Hackers Hit Mt. Gox Exchange's CEO, Claim To Publish Evidence Of Fraud. - teawithcarl
http://www.forbes.com/sites/andygreenberg/2014/03/09/hackers-hit-mt-gox-exchanges-ceo-claim-to-publish-evidence-of-fraud/

======
DrStalker
How does the DB dump show fraud? I can see the DB shows they have half a
million bitcoins, but if Gox's claims are true then the problem is the DB
doesn't match reality; their DB will show they have coins but their wallet is
empty.

There are plenty of things to distrust about Mt Gox, but this isn't evidence
of anything other than a security vulnerability that allows their DB to be
stolen. (which is a big problem on it's own when you're in finance, but Mt Gox
is past the point where being hacked again will hurt their reputation in any
meaningful way)

------
fragsworth
> "a user on the BitcoinTalk forum posted a message–since deleted by the
> forum’s moderators–claiming to be offering for sale a 20 gigabyte stolen
> database from Mt. Gox, including the personal details of all its users and
> even scans of their passports."

 _Incredibly unbelievable_. It's not enough that they stole bitcoins from me.
Their site made no mention of how I wouldn't be able to withdraw them for
months without verification - it said "Your limit is 100BTC" and I was willing
to take the risk of them holding my coins for a day or two so I could sell and
buy back based on recent news. Only to find out by surprise that my risk
extended for months while I was required to send them my private documents.

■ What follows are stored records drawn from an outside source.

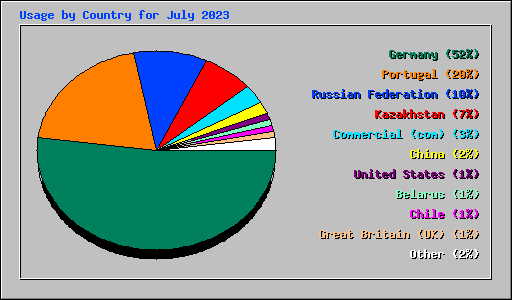 Usage by Country for July 2023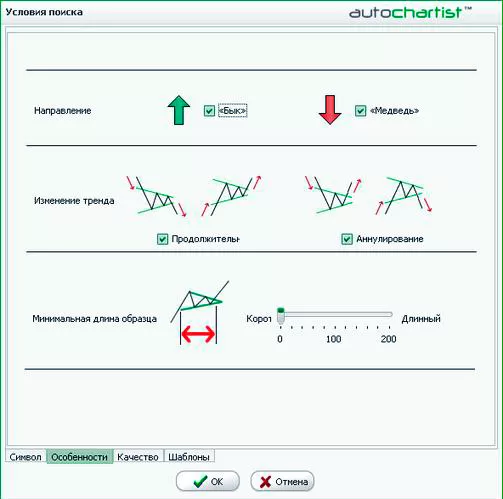 Авточартист (Autochartist) — программа для проведения технического анализа на рынке Форекс. Как пользоваться бесплатным веб приложением?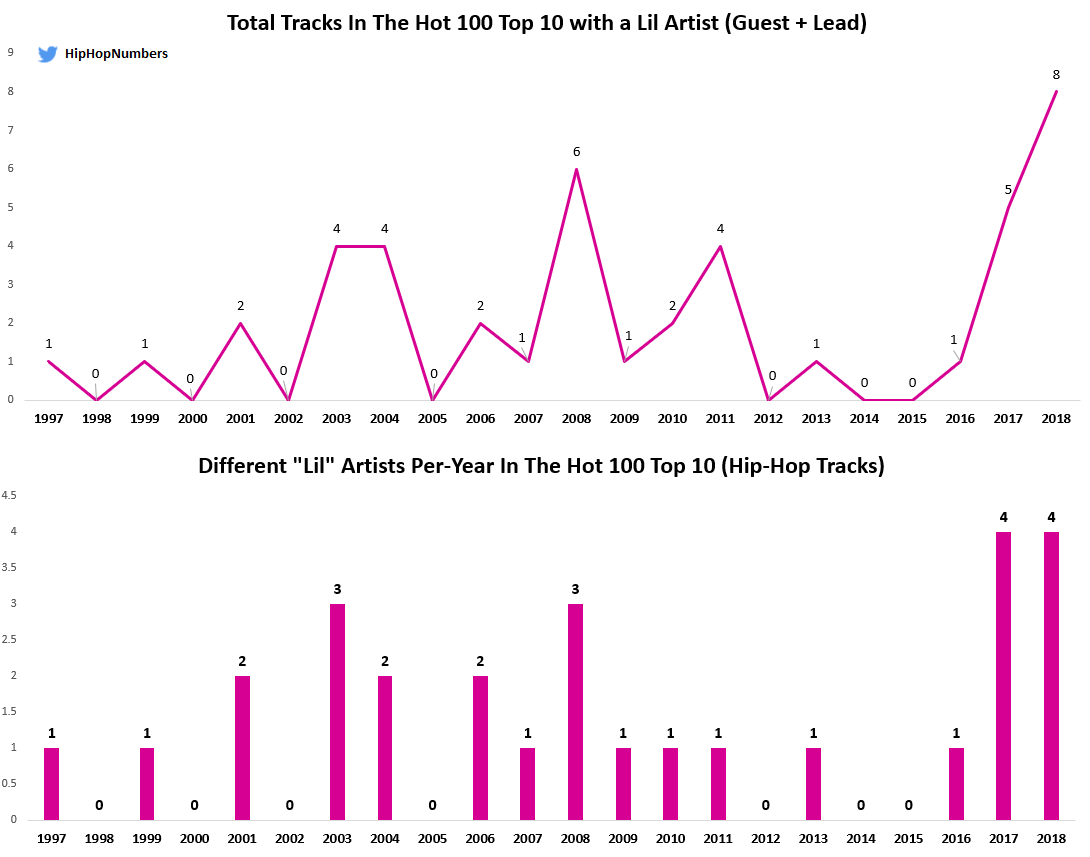 Lil Yachty Chart History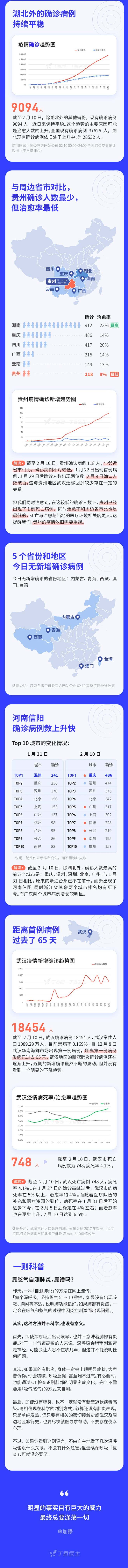 全国新型肺炎疫情日报 - 丁香园 · 丁...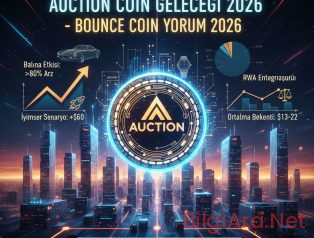 Auction Coin Geleceği 2026 – Bounce Coin Yorum 2026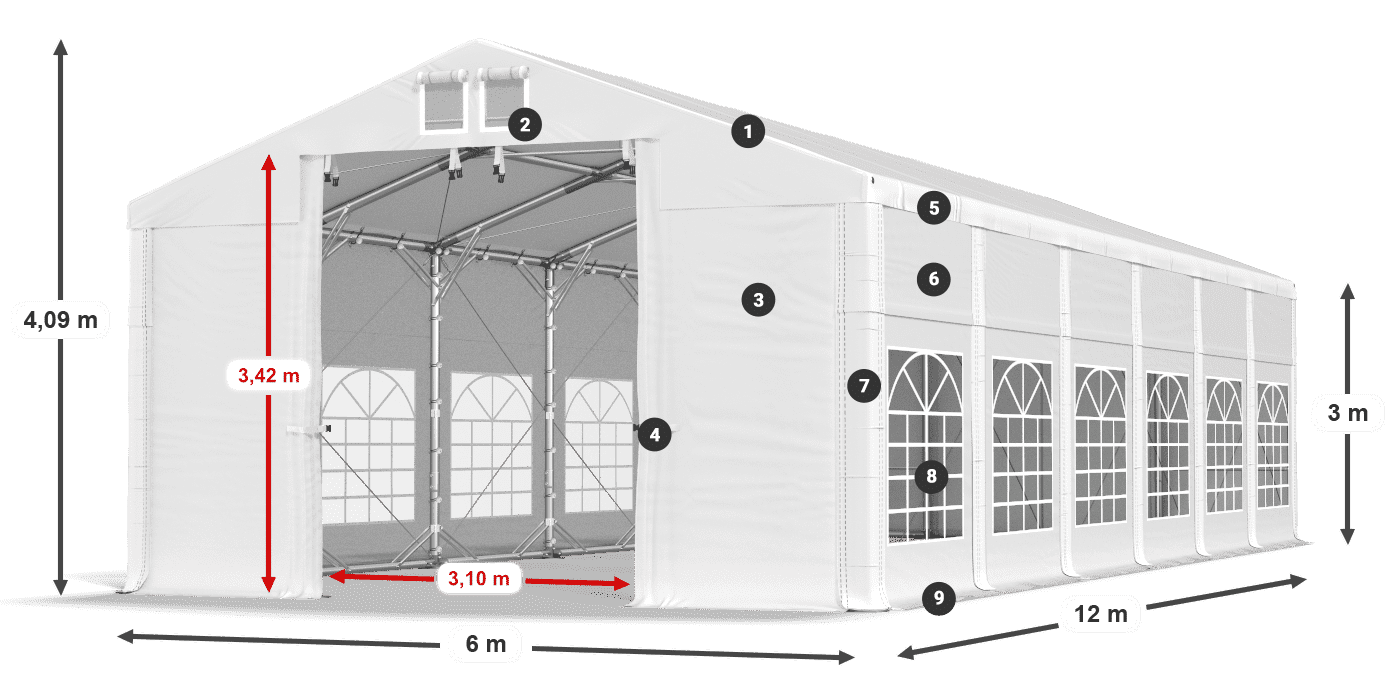 IMS 580 PVC legenda 3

But also, like a slap in the face, instead of turning their servers off once
they declared bankruptcy, they now they let the hacker world have access to
photocopies of my driver's license, passport, home address, and gas bill?

I can't even begin to express the rage I have for this man and his lies and
incompetence. I have never hated someone so much in my entire life.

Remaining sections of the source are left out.